[EXERCISE DESCRIPTION] An exact transcription of the listing, without its images, is what the answer must contain.

[EXTRACTED ENTRIES]
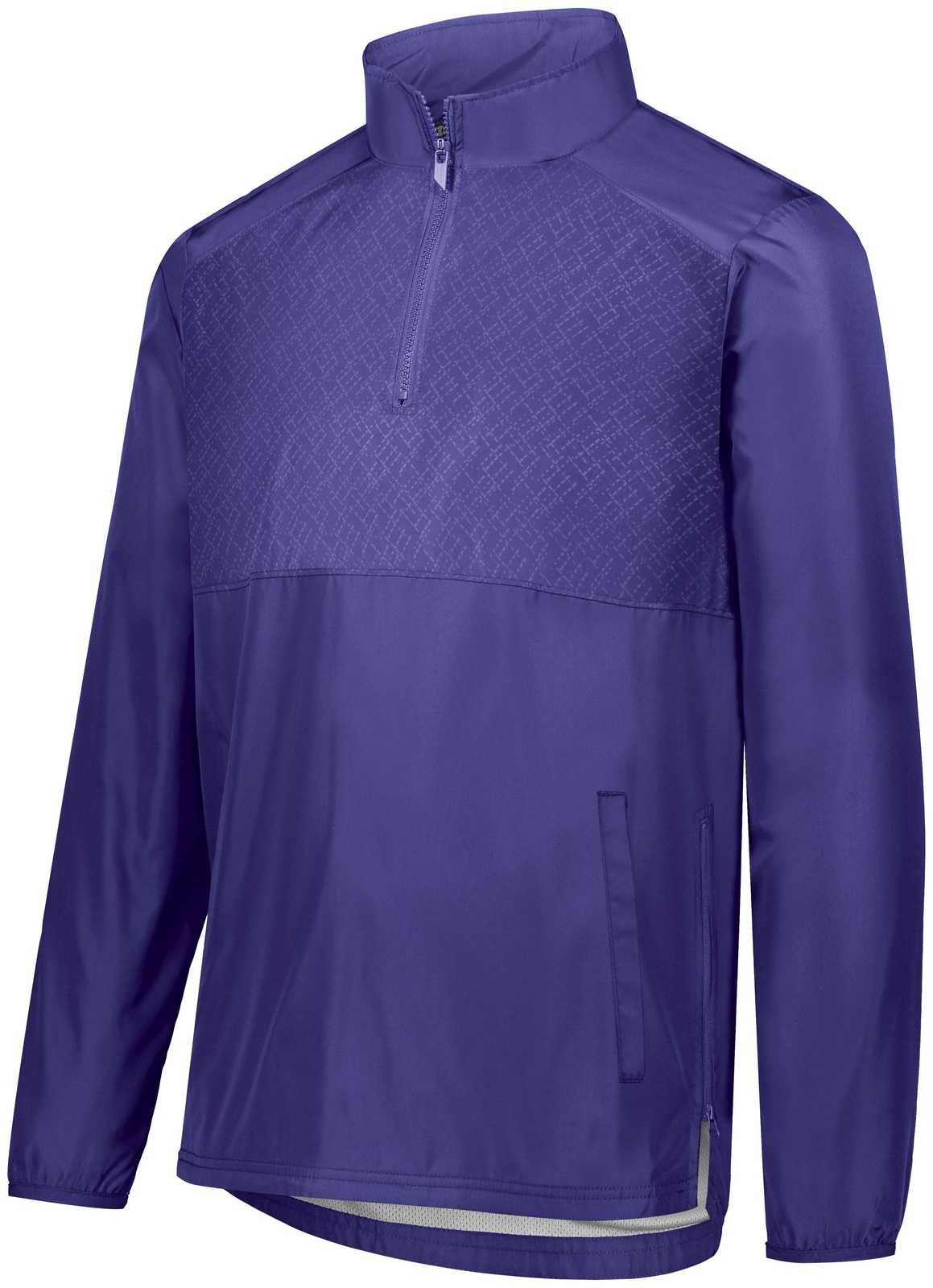 Holloway 229533 SeriesX Pullover - Purple - HIT a Double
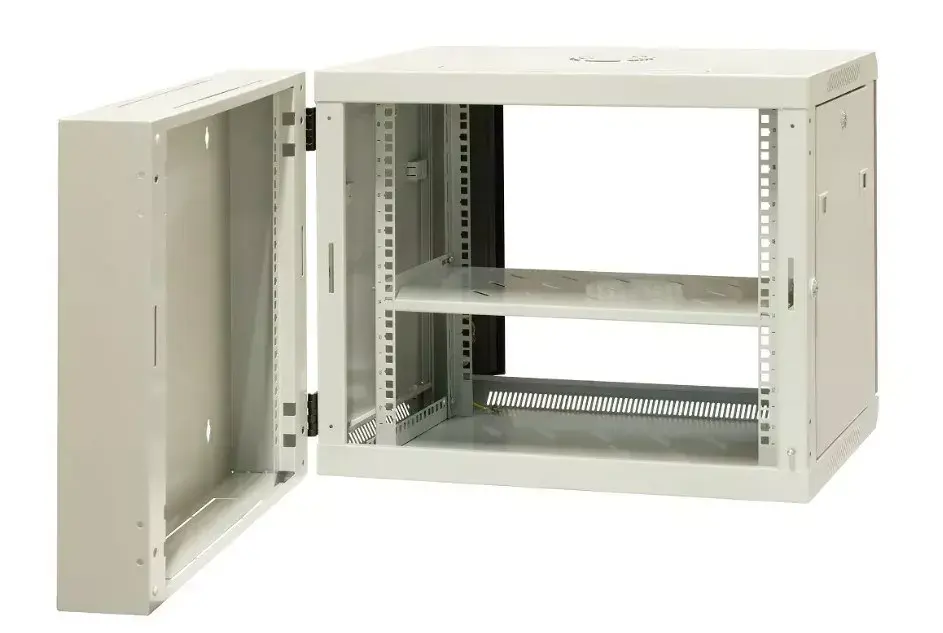 EMITERNET Split Hanging Cabinet 19" 9U Photo 2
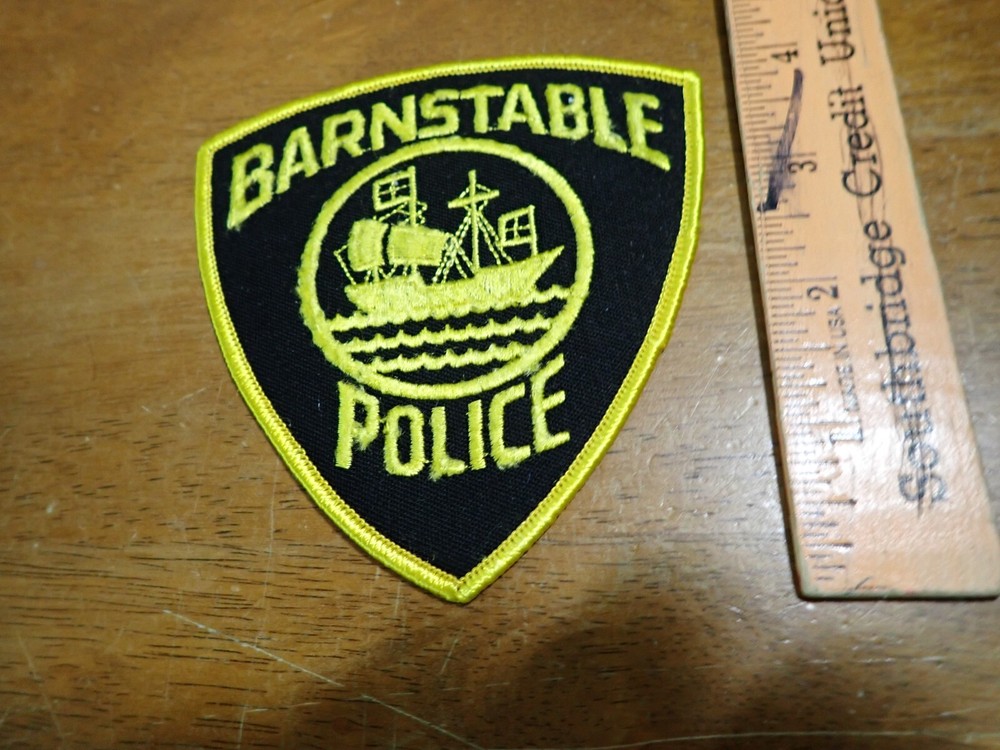 BARNSTABLE MASSACHUSETTS    VEST EARLY  OBSOLETE PATCH BX SP # 451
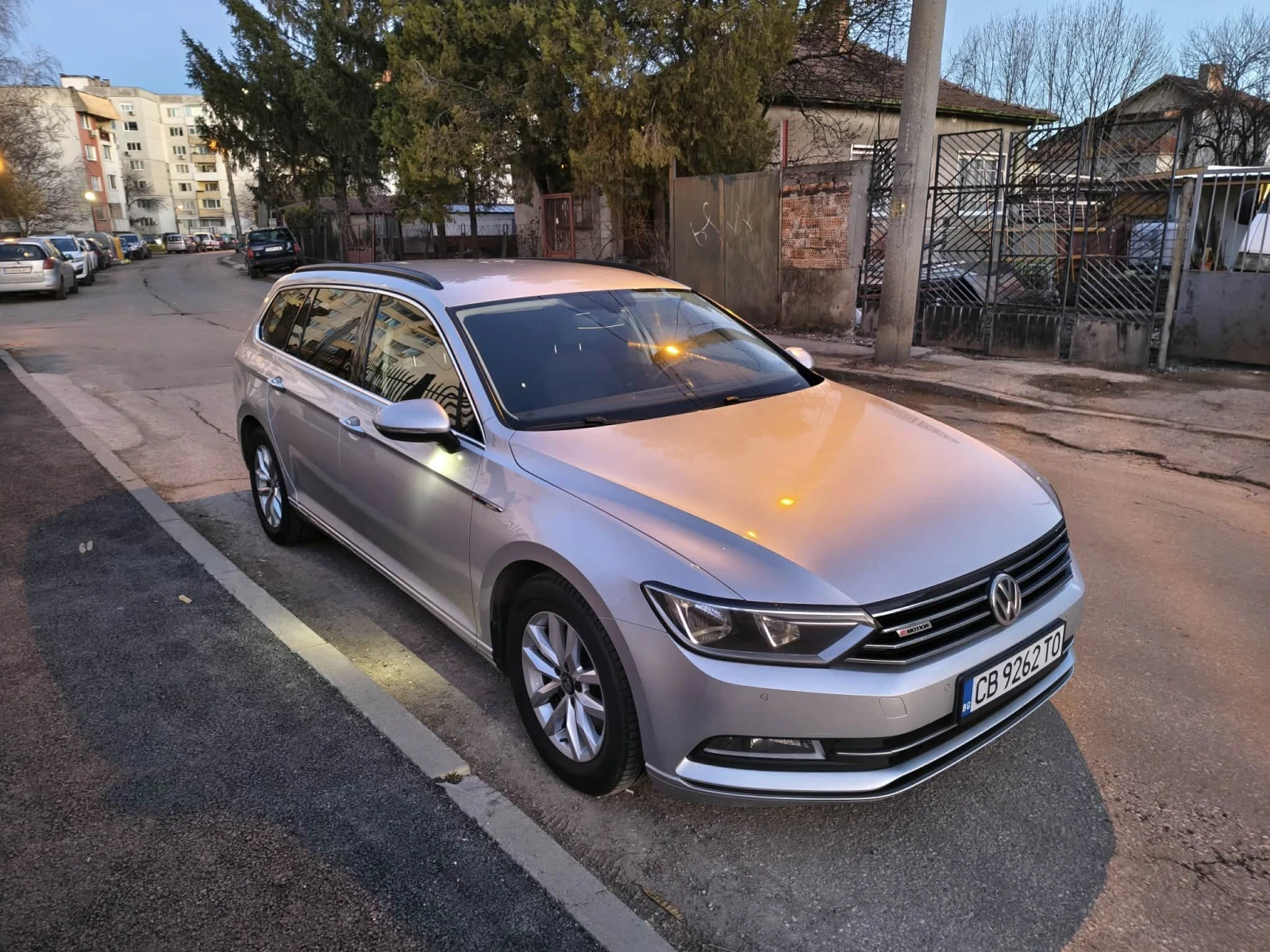 VW Passat 4x4, снимка 3 - Автомобили и джипове - 53790981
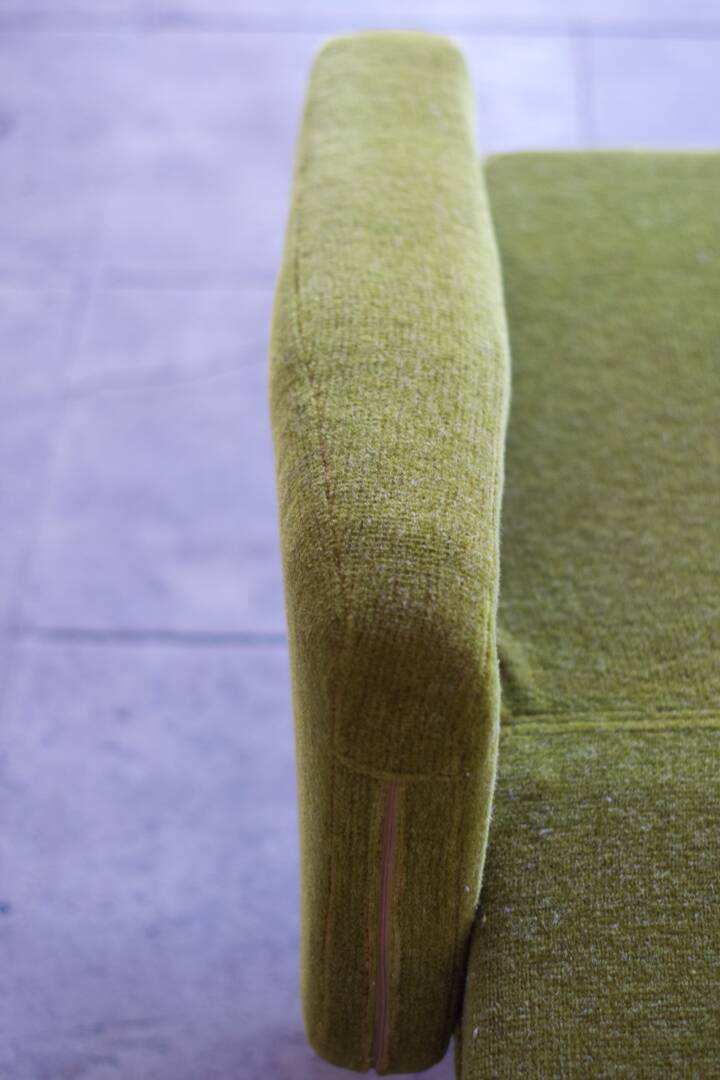 Sofa living room set - 2 designer armchairs 1960 by Pierre Guariche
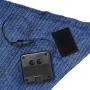HI Solar-Markise mit 100 hellblauen LEDs 2x3 m von HI, Sonnenschirme - Ref: Foro24-435328, Preis: 74,14 €, Rabatt: %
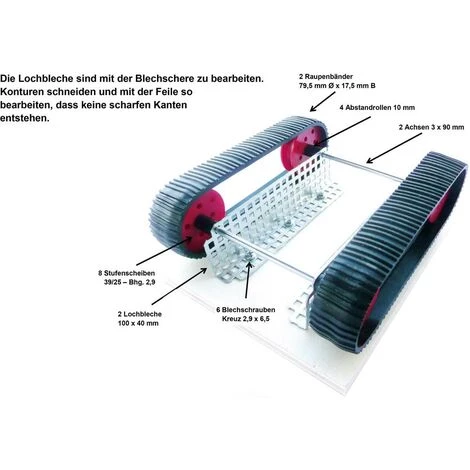 REELY Kit Chenille MODELCRAFT 959209 2 REELY Kit Chenille MODELCRAFT 959209 – Image 2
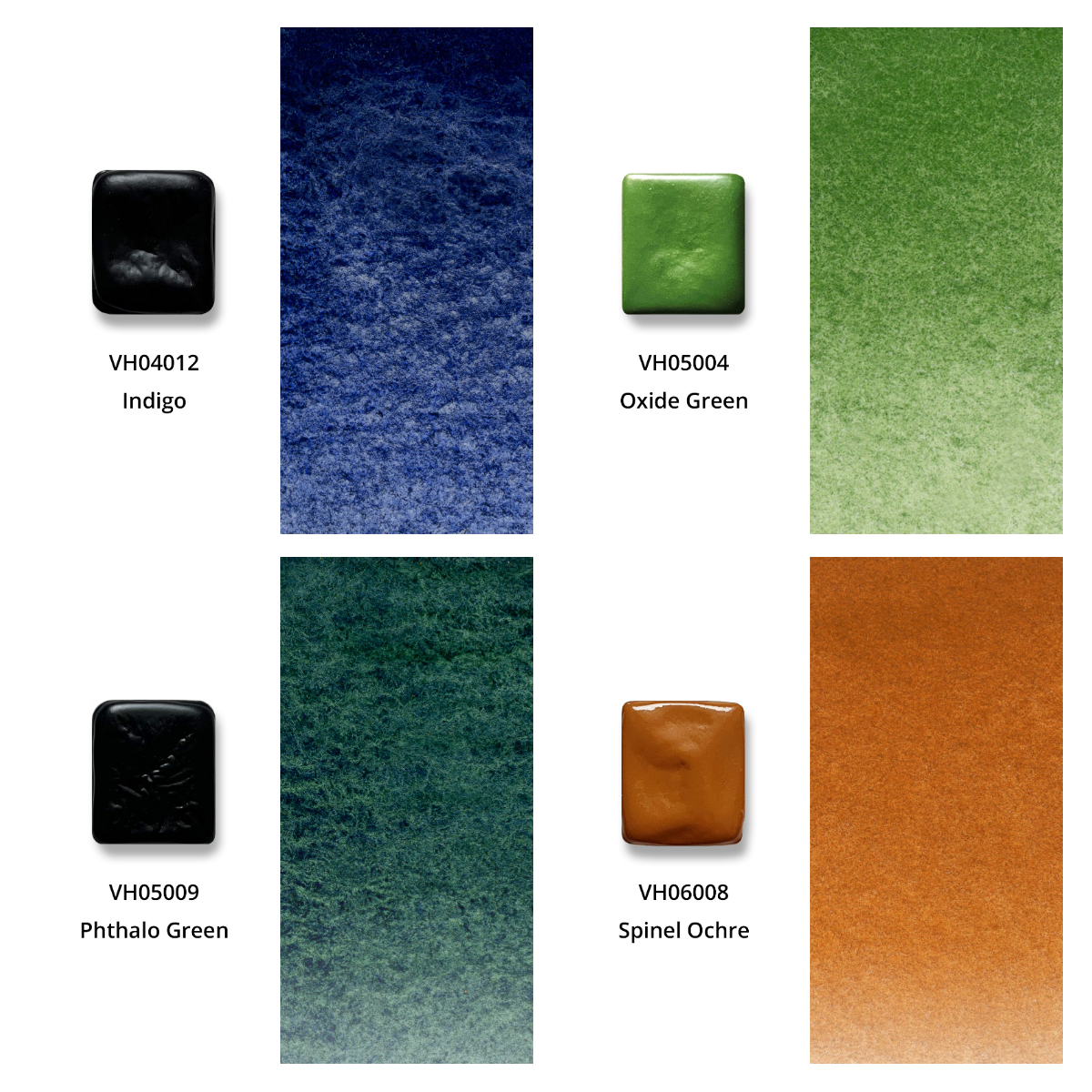 Aquarellfarben – Honig Collection (12 Farben) PE2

[RESPONSE AREA]
 Holloway 229533 SeriesX Pullover - Purple - HIT a Double
 EMITERNET Split Hanging Cabinet 19" 9U Photo 2
 BARNSTABLE MASSACHUSETTS    VEST EARLY  OBSOLETE PATCH BX SP # 451
 VW Passat 4x4, снимка 3 - Автомобили и джипове - 53790981
 Sofa living room set - 2 designer armchairs 1960 by Pierre Guariche
HI Solar-Markise mit 100 hellblauen LEDs 2x3 m von HI, Sonnenschirme - Ref: Foro24-435328, Preis: 74,14 €, Rabatt: %
 REELY Kit Chenille MODELCRAFT 959209 2 REELY Kit Chenille MODELCRAFT 959209 – Image 2
 Aquarellfarben – Honig Collection (12 Farben) PE2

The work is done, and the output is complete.